Step back and reflect on these positions in this day and age, particularly in light of some current events. These are powerful and influential organisations which daily shaped politics and public life. Barrie wasn’t just a member of these organisations. He chaired them and he ran them, uncontroversially and without fanfare.

He was also chairman of the Consumer Council for eight years and President of the Fiji Law Society for two. He was the Norwegian Consul in Fiji for 20 years. I don’t have time to name everything he did; and I do know that he turned down an offer to be Speaker of Parliament and another offer to be Attorney-General. Those were two things he did not do, in a life of extraordinary public service.

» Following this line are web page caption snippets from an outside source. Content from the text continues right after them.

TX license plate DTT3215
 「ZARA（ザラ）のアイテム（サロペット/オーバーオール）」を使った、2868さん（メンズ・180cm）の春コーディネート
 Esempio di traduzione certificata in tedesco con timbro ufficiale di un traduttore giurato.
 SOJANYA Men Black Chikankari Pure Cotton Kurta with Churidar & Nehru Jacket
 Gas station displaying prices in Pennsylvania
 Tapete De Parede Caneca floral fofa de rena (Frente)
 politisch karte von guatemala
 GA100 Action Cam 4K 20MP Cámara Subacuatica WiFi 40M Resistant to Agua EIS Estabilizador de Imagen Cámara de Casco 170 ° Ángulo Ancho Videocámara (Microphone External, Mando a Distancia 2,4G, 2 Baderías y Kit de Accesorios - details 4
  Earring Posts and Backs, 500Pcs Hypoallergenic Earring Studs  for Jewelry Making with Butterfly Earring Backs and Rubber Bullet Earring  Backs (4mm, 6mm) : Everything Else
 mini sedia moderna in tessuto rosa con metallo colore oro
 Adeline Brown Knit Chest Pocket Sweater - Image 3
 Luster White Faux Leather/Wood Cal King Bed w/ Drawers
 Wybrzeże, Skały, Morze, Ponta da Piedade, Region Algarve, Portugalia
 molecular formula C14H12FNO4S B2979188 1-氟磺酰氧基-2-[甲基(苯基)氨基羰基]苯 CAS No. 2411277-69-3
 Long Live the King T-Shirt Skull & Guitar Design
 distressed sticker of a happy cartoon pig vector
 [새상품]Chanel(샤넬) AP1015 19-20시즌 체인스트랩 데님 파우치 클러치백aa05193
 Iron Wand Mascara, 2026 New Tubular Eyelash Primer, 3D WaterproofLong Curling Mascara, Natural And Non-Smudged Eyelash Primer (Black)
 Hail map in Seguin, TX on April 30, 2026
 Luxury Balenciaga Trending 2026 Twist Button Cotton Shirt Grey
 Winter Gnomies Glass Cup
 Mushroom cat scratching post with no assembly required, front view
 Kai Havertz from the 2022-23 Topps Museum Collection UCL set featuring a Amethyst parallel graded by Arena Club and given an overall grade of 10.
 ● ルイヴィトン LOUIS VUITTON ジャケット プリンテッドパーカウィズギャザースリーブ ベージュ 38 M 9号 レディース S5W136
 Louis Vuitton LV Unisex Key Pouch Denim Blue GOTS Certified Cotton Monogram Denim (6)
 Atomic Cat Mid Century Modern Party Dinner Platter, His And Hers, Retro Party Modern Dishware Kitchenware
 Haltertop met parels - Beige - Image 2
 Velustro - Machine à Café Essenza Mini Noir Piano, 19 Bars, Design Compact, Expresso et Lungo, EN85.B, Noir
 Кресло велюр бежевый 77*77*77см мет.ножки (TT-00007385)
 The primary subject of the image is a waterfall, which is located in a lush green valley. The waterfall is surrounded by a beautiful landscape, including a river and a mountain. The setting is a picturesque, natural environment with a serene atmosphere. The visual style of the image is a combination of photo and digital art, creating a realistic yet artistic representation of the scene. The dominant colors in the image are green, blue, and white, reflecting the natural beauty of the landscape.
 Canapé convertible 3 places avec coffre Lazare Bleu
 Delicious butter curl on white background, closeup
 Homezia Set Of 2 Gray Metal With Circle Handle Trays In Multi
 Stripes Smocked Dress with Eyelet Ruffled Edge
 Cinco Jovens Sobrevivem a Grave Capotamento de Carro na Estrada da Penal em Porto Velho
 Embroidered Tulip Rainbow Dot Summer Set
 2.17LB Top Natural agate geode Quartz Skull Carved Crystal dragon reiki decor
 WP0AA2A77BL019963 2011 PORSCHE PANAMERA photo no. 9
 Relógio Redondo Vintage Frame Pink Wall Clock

And amidst all of this, he also worked his day job as a partner of Munro Leys. Barrie’s personal client list looked like a world who’s who of anybody who was anybody who owned something in Fiji. I am thinking of Raymond Burr, the actor; Malcolm Forbes, the billionaire. I think even Adnan Khashoggi, the Arab gun-runner, was on the Munro Leys books for a while. I suspect that in these more straitened days of global regulation, he would no longer make the cut.

The late 1980s and early 1990s were tough times for Munro Leys. The aftermath of the 1987 coup was devastating for the firm. Most of its best lawyers left the country. Competitors were starting to snap at its heels. Barrie recalled to me a few times how hard it was to keep things going over that time. The better financial decision for him would have been to abandon his partners and strike out on his own. But duty and loyalty — both to his partners and to Munro Leys’s history —won the day.

As a firm, we are a bit bigger and stronger now. But for all of us to whom the name Munro Leys means anything, it is to Barrie’s perseverance and loyalty that we owe a great debt.

And Barrie’s life and times — and his reputation for integrity, loyalty and duty — remind us that our God-given talents and experience do not just belong to us. They are to be used for the public good, in public service. That should be a constant reminder, which may be Barrie’s greatest legacy to all of us.

RICHARD NAIDU is a Suva lawyer and a partner in Munro Leys, Mr Sweetman’s former firm. This article is an adaptation of a eulogy given at Mr Sweetman’s funeral service on Tuesday 17 December. The views expressed in this article are the author’s.